Video Game / Fantasy Quest
In the Fall of 1991, Sam Stoddard wrote an adventure game for consoles using BASIC programming. Seven years later, the game was released to the general public, now with graphics and playable with a mouse.
The game bills itself as a "twist on the old 'save the princess' plot" - you begin the game with "save the princess" as your sole, vague objective, but your actual goal turns out a little different.
In September of 2002, Fantasy Quest 2
came out. The sequel, taking place 20 years after the original, allegedly lets you save dozens
of princesses, and is at least half parody.

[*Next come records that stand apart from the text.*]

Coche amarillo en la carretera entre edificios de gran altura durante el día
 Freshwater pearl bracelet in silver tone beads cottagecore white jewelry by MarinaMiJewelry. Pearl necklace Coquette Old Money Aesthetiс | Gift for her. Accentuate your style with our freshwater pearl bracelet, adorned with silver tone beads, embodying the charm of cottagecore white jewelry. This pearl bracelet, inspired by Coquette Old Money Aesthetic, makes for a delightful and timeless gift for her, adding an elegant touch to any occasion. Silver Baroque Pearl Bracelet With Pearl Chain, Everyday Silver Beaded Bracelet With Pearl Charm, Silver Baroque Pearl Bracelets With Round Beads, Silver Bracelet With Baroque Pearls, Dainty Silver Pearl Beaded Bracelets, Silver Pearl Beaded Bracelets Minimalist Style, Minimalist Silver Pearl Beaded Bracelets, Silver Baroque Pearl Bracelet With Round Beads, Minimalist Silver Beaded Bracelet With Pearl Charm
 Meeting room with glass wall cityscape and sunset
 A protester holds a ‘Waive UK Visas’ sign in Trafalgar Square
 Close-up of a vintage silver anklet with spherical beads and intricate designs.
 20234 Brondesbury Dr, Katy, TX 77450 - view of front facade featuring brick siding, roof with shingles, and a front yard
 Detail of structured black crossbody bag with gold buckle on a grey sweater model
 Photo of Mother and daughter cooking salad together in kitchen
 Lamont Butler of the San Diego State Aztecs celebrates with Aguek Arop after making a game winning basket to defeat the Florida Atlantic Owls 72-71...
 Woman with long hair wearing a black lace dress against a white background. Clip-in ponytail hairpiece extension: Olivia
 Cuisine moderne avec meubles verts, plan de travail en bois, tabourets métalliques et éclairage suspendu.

The game's playable online
alongside a companion parody newspaper
The Fantasy Quest series provides examples of:
- Artifact of Doom: Parodied with the Golden Cufflink of Fire.
- Baleful Polymorph: Than dog you kept throwing a stick at? Turns out it's a guy under a curse, and he calls you an asshole for not helping him sooner.
- Broken Bridge: Most puzzles take this form, including one that's a literal broken bridge. (In the sequel, a modern suspension bridge has replaced it.)
- Butt Monkey: The poor Indian Runs-With-Scissors. It starts with a single injury that you heal. A later one needs a unicorn's help. It turns out that he suffers 34 injuries a year simply by sitting in the open and now faces false insurance fraud charges.
- Cool Crown: Despite the crown's magic properties, the game just says, "All right. You got the 'Crown of Destiny' or something. Happy?"
- Crouching Moron, Hidden Badass: Hes Ahkia.
- Curse, Curse Escape Clause: In the first game, you meet a dog. It's not till the second, set 20 years later, that you learn he's a cursed man, and if you only fed him right off, you would have broken the curse.
- Everything's Even Worse with Sharks: The shark's presence and attack is as random as can be.
- Fluffy the Terrible: The angry dwarf's name is Mr. Snorri "Fruitloop" Throfssonsson
- Fortune Teller: The Soothsayer, who demands gold for any assistance. She's back in the second game, this time demanding even more gold and gleefully lampshading her general uselessness.
- Heroic Fantasy
- Killer Rabbit: The gigantic bunny rabbit, who's even more powerful than the gigantic black cat. You later have to fight the carnivorous giraffe!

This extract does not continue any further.